Sending check-result data via HTTP/S

Traditionally, GDMA clients have used the NSCA protocol to send check-result data to a GroundWork server, using a dedicated port on the server which accepts such data directly into the Nagios process. Some customers have requested that such traffic be transported via an HTTP/S channel instead, either because they wish not to have unusual special ports open on the GroundWork server, or because they have HTTP/S-traffic observability tools in place that they would like to apply to this traffic as well. GDMA 2.7.0 now provides such a capability.

To support this change, modifications are made on both the client and server. The client requires at least the GDMA 2.7.0 release to be installed. On a GroundWork 7.2.1 server, some new web-access setup is needed within Apache, to accept and route this traffic.

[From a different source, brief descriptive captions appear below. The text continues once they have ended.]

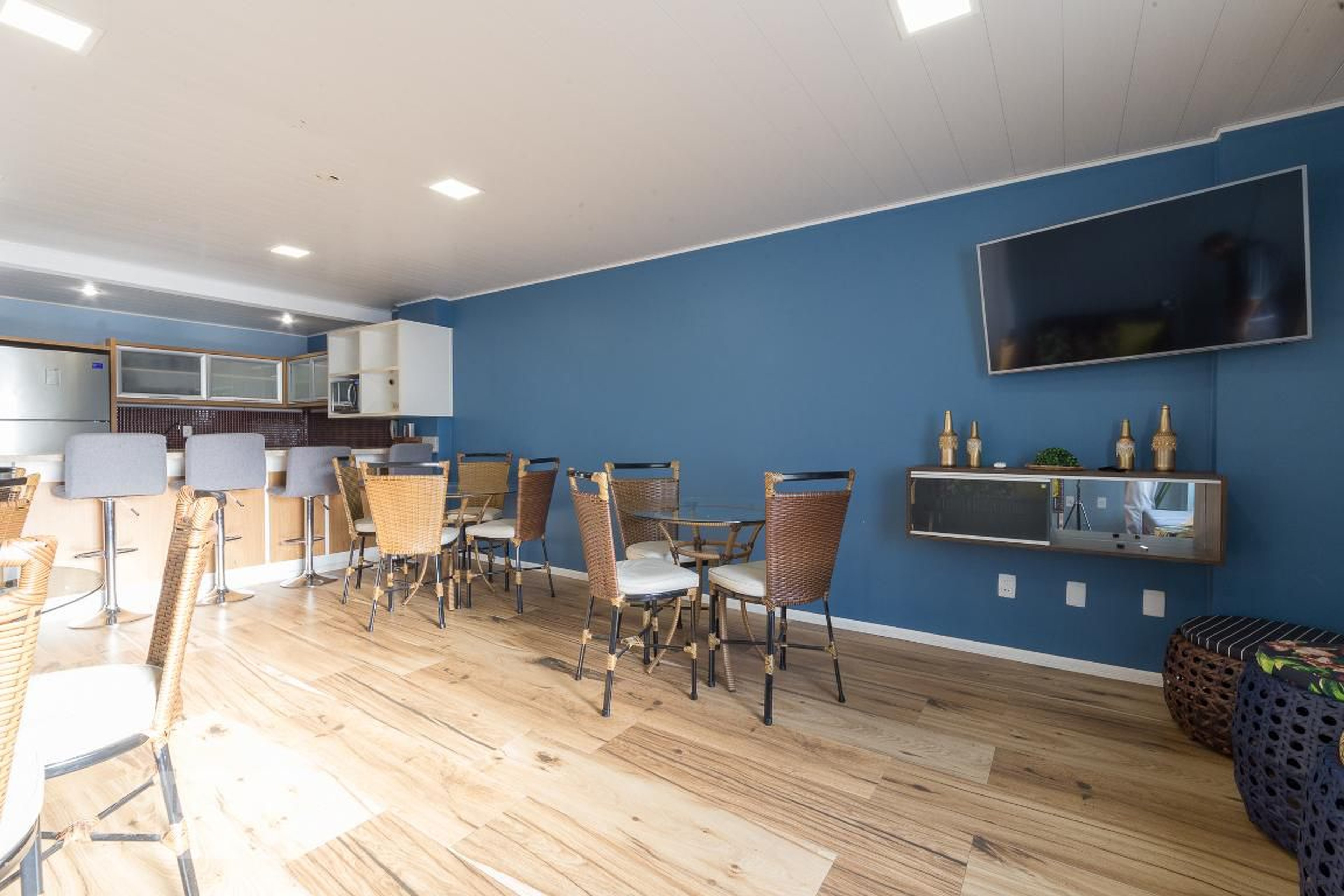 Salão de festas - Residencial Beira Mar Sul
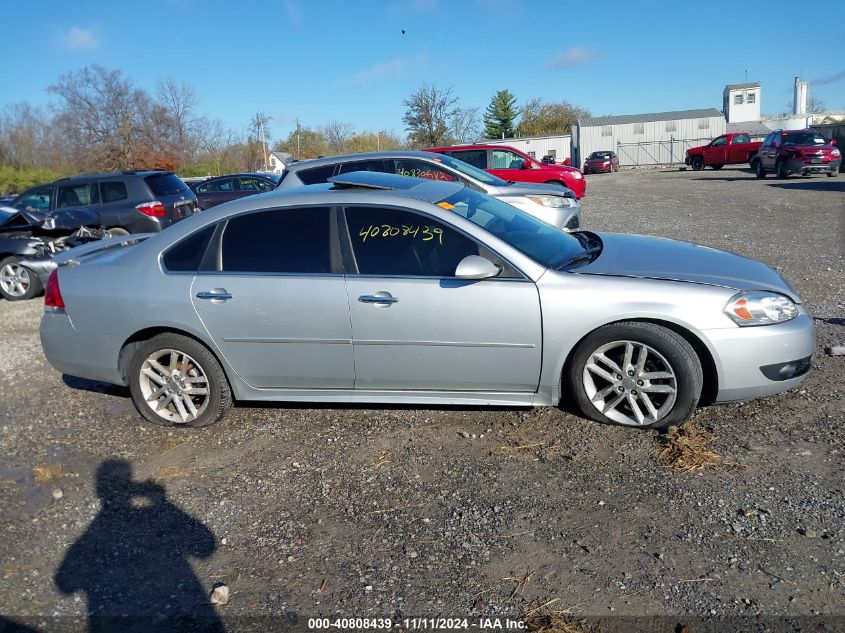 2012 Chevrolet Impala Ltz VIN: 2G1WC5E39C1152877 Lot: 40808439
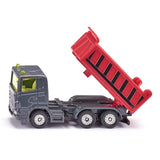 Siku Truck with Dumper Body and Tipping Trailer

Also on a GroundWork 7.2.1 server, a new version of the libbronx.so library is provided to accept data on this channel, and an extended copy of the bronx.cfg config file supports new options to control the new facility. See below for details.

Port usage and security considerations

Historically, the Bronx event broker has used port 5667 for acceptance of check results using the NSCA protocol. To support the new facility of accepting check-result traffic using the HTTP/S protocol as seen on the GDMA client, Bronx can now accept HTTP connections on port 5657. This port supports only HTTP connections, not HTTPS connections, and it is intended only for internal use on the GroundWork server. It should not be exposed for connections outside of the GroundWork server itself, and in the GroundWork 7 context, Bronx should listen on this port only on the IPv4 localhost network interface. Supporting HTTPS will be the provenence of the front-end Apache processing, which will handle decryption and forward incoming data-submission requests to the Bronx port.

This new interface is not a full REST API, nor is it intended to be, ever. Except for checking certain primitive server metadata such as the server time or whether Bronx is up, Bronx does not support any data exfiltration on this port. The new interface is strictly for submission of check results, and the only data returned to a caller is a boolean indication of success or failure in accepting a set of submitted check results.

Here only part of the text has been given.